68.学問のすすめ 現代語訳 十六編 第八〜十三段落

心事と働きが相応すべきという論

第八段落

 議論と実際がふたつながらその宜しきを得なければならないといったことは、多くの人が言うことであるけれども、この言っていること自体が議論でしかないのであって、これを実地に行っている人は甚だ少ない。

 そもそも、議論というものは、心に思ったことを口に出したり書き著したりすることである。または、口にも文にもしていないならば、これはその人の心事とかその人の志とか言われるものである。だから、議論というものは、自分以外のものとは関係ないものと言っても過言ではない。つまるところ、内にあるものであり、自由であり、制限のないものである。
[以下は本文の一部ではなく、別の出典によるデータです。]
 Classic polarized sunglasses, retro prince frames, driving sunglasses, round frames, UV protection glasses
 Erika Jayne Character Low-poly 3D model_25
 実際とは心に思うところを外に現し、外物に接して処置を施すことである。だから、実際とは制限のあるものであり、外物に制せられて自由であることができないものである。昔の人がこのふたつを区別して、言と行とか、志と功とか言ったのである。また今日の世間で言うところの説と働きというのもすなわちこれのことである。

第九段落

 「言行が食い違っている」とは、議論で言っていることと実地で行っていることが同じでないと言うことである。「功に食(は)ましめて志に食ましめず」というのは、実地の仕事次第でこそ物も与えられるのであり、その心に何と思っていようが形がない人の心事を賞することはできないという意味である。また世間では、なにがしの説は兎も角もそもそも働きのない人物だと言ってこれを軽蔑することもある。どれも議論と実業と相当していないことを咎めたものである。

第十段落

 すると、この議論と実際とは、少しも食い違うことのないように正しく平均させなければならない。今、初学の人の理解が簡単になるように、人の心事と働きという二語を使って、それらが互いに助け合って平均を保ち、人間の便利に役立つ理由と、この平均を失うことで生じる弊害についてこれから述べる。

第十一段落

第一

 人の働きは大小軽重の別がある。芝居も人の働きであれば、学問の人の働きであり、人力車をひくことも、蒸気船を運用することも、すきで農業をすることも、筆をふるって著述をすることも、みな等しく人の働きであるのだけど、役者であること好まないで学者であることを勧め、車ひきの仲間に入らないで航海の術を学び、百姓の仕事では不満足だと著書の業に従事するようなことは、働きの大小や軽重を弁別し、軽小を捨てて重大に従うものである。人間の美事と言うべきである。

 そうではあるのだけど、そのこれを弁別しているものは何なのであろう。本人の心であり、また志である。こういった心志のある人を名付けて心事高尚なる人物と言う。だから、人の心事は高尚でなければならない、心事が高尚でないならば働きもまた高尚ではなくなる。と言うのである。

第十二段落

第二

 人の働きはその難易にかかわらず、大いに役に立つものと大して役に立たないこととがある。囲碁将棋などの技芸と言ったものは、決して簡単なことではなく、これらの技芸を研究して工夫をめぐらすことの難しさは、天文、地理、器械、数学などと比べて劣っていないのではあるのだけど、その役に立つか立たないかという理論をするならばまるで話にならない。

 今、この有用と無用とを明察して有用の方につこうとするならば、これはすなわち心事の明らかな人物である。だから言うのだ。心事が明らかでないならば、人の働きは、いたずらに労するばかりで何の功もないのだと。

第十三段落

第三

 人の働きには常識がなければならない、その働きをするのに場所と時節とを考慮しなければならない。たとえば道徳の説法はありがたいものではあるのだけど、宴会の最中に急にこの話をするならばいたずらに人の嘲笑を買うばかりである。学生の激論も時には面白いものであるのだけど、親戚子供が集まっている時にこれを聞けば、発狂人と言うしかない。

 このように、場所柄と時節柄とを弁別して常識が備わっていることは、すなわち心事が明らかであるということである。もしも人の働きが活発であるのに明智がないのであるのなら、蒸気に機関がないようで、船に舵がないようなものである。ただ利益がないばかりかむしろかえって害のあることが多い。


まとめ
http://d.hatena.ne.jp/keigossa/20121007/1349584536


感想及び考察

■現代でも、多くの人が高い金を出して買うであろう「ビジネスパーソンの〜〜」という本に書かれていそうなことや、そういった類の講習で聞けそうなことばかりである。人の働きについての神髄や基本といったものは、今も昔も変わってないということであろう。